LISTED ENTRIES »
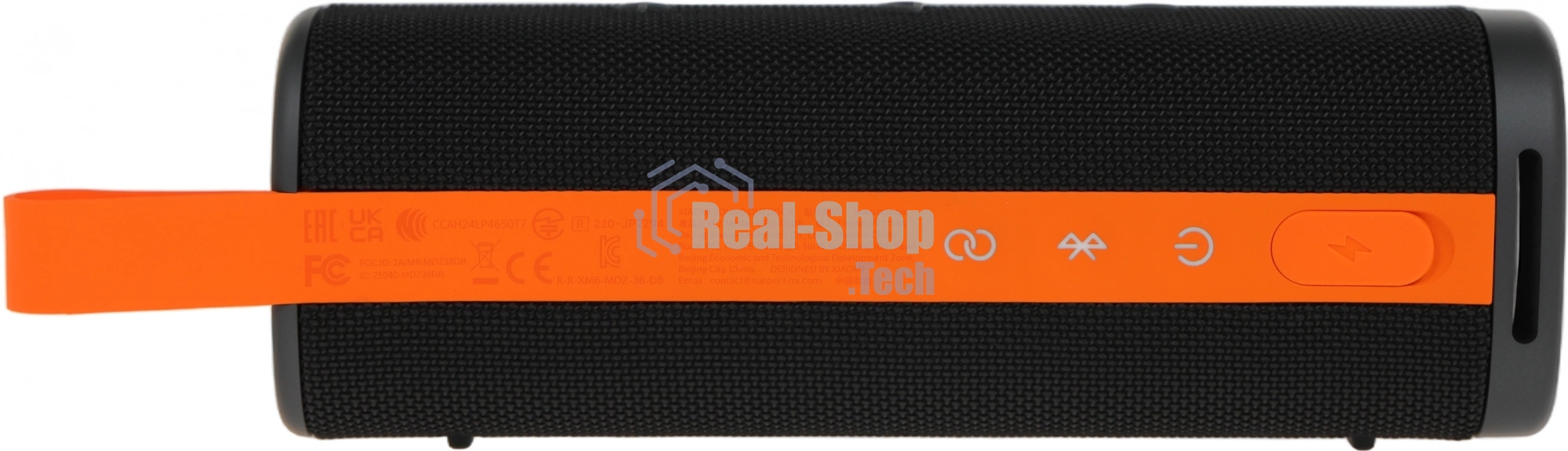 Беспроводная портативная колонка Xiaomi S29D Sound Outdoor 30W черный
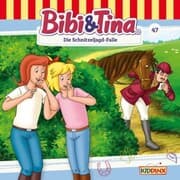 Cover von Die Schnitzeljagd-Falle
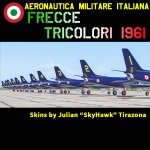 Frecce Tricolori F-86 Set V1.5
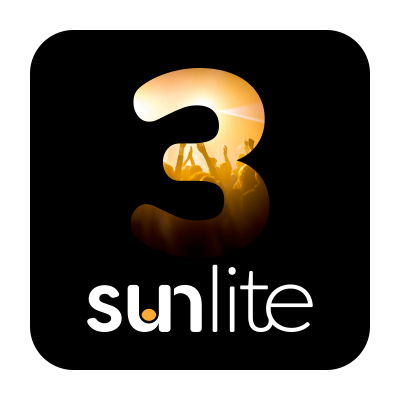 Sunlite 3<br>Stage Light Show Software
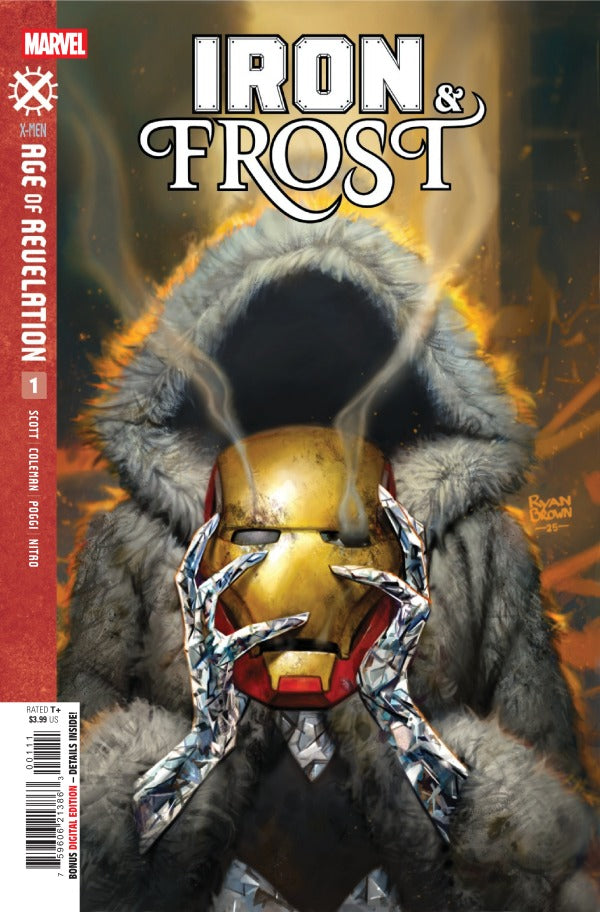Marvel - Iron & Frost #1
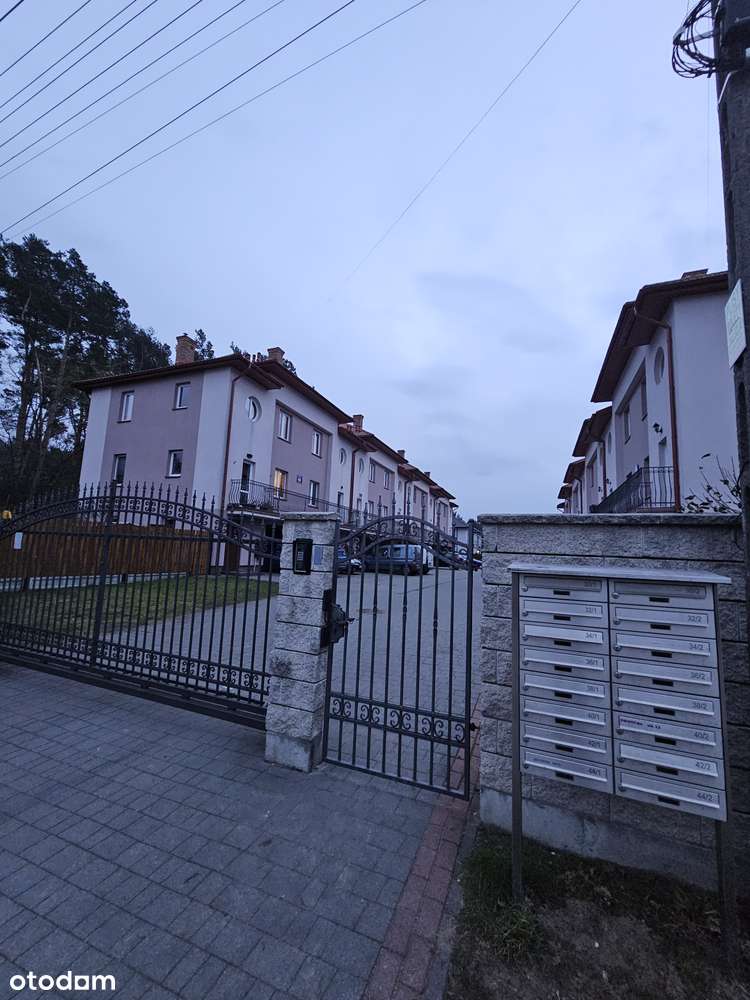 Bezczynszowe dwupoziomowe mieszkanie 93 m² z garażem - Stefanówka - Pełny obrazek: 2/20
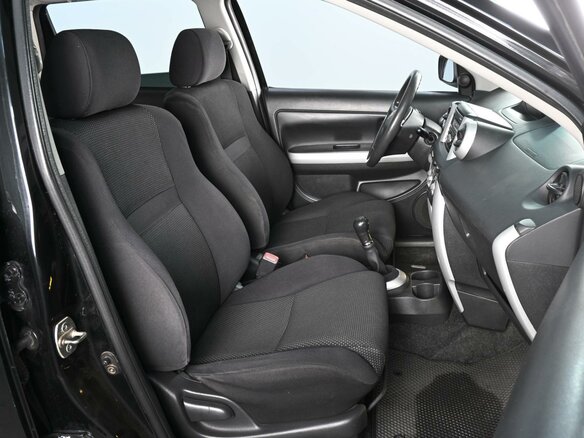 2003 Scion xA, чёрный, 529000 рублей - вид 7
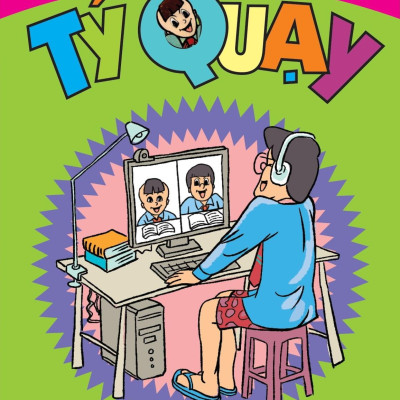 Tý Quậy - Tập 12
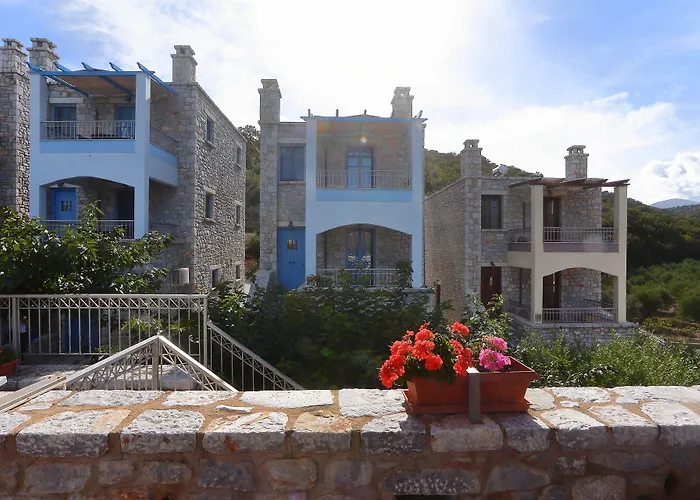 Aparthotel Vathi Vathi (Peloponnese)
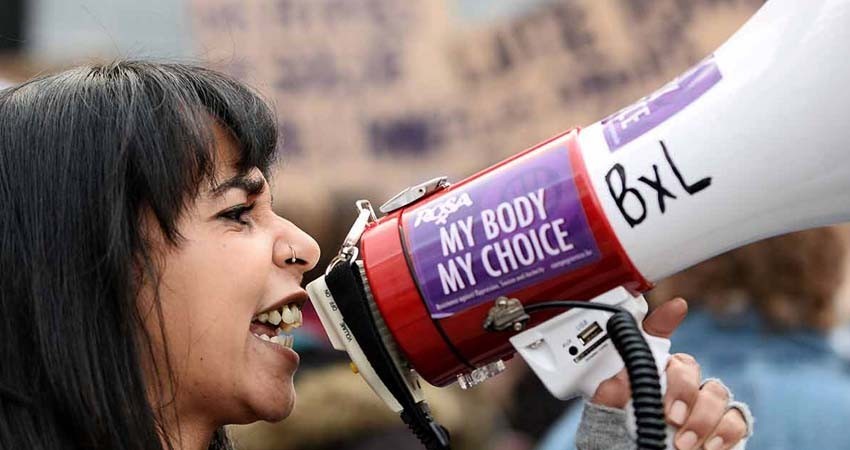 #8M en el mundo: Millones de mujeres claman contra la violencia machista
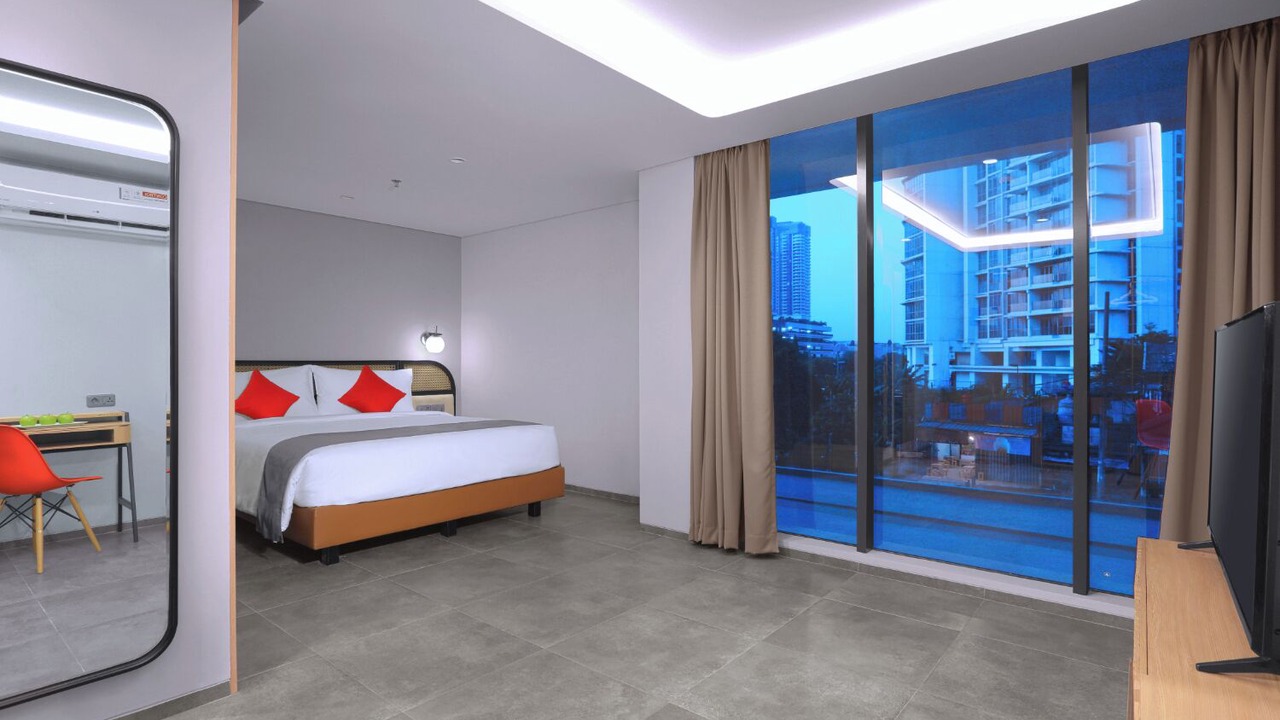 Photo of Bedroom in Jakarta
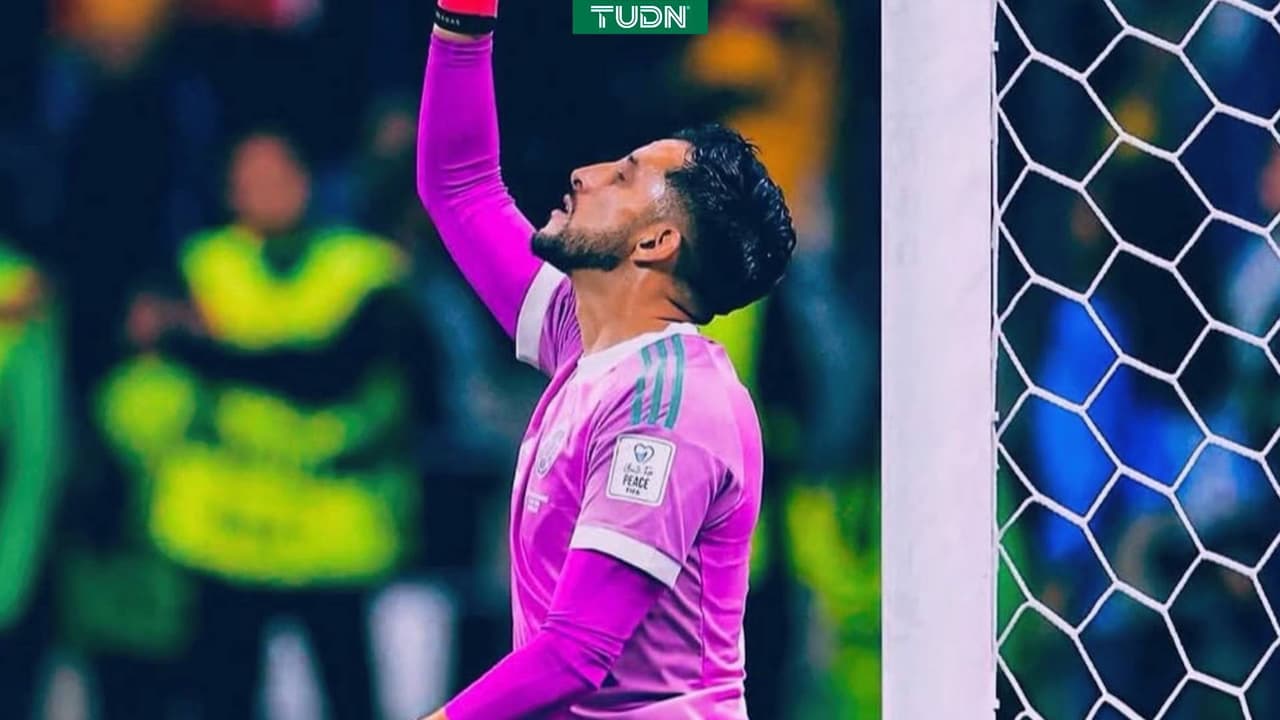 Camilo Vargas entró a la historia con Colombia en el Mundial 2026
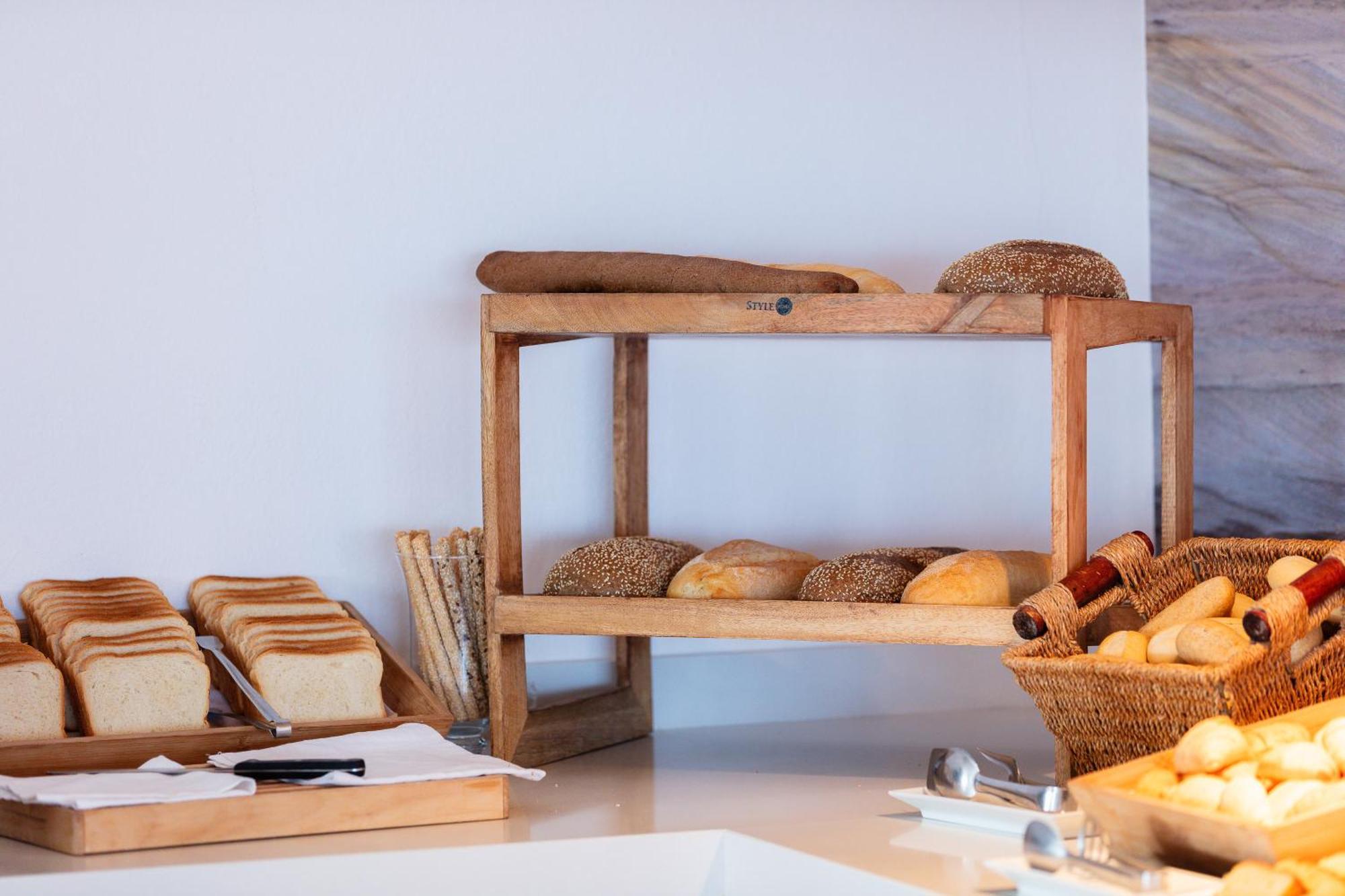 Golden Bay Boutique Hotel & Bungalows Kokkini Hani エクステリア 写真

PROBLEM TO SOLVE » From the data above, return only the lines starting at the line that holds "Frecce Tricolori F-86 Set V1.5" and ending at the line that holds "Tý Quậy - Tập 12", word for word and without pictures.

EXPECTED ANSWER »
 Frecce Tricolori F-86 Set V1.5
 Sunlite 3<br>Stage Light Show Software
Marvel - Iron & Frost #1
 Bezczynszowe dwupoziomowe mieszkanie 93 m² z garażem - Stefanówka - Pełny obrazek: 2/20
 2003 Scion xA, чёрный, 529000 рублей - вид 7
 Tý Quậy - Tập 12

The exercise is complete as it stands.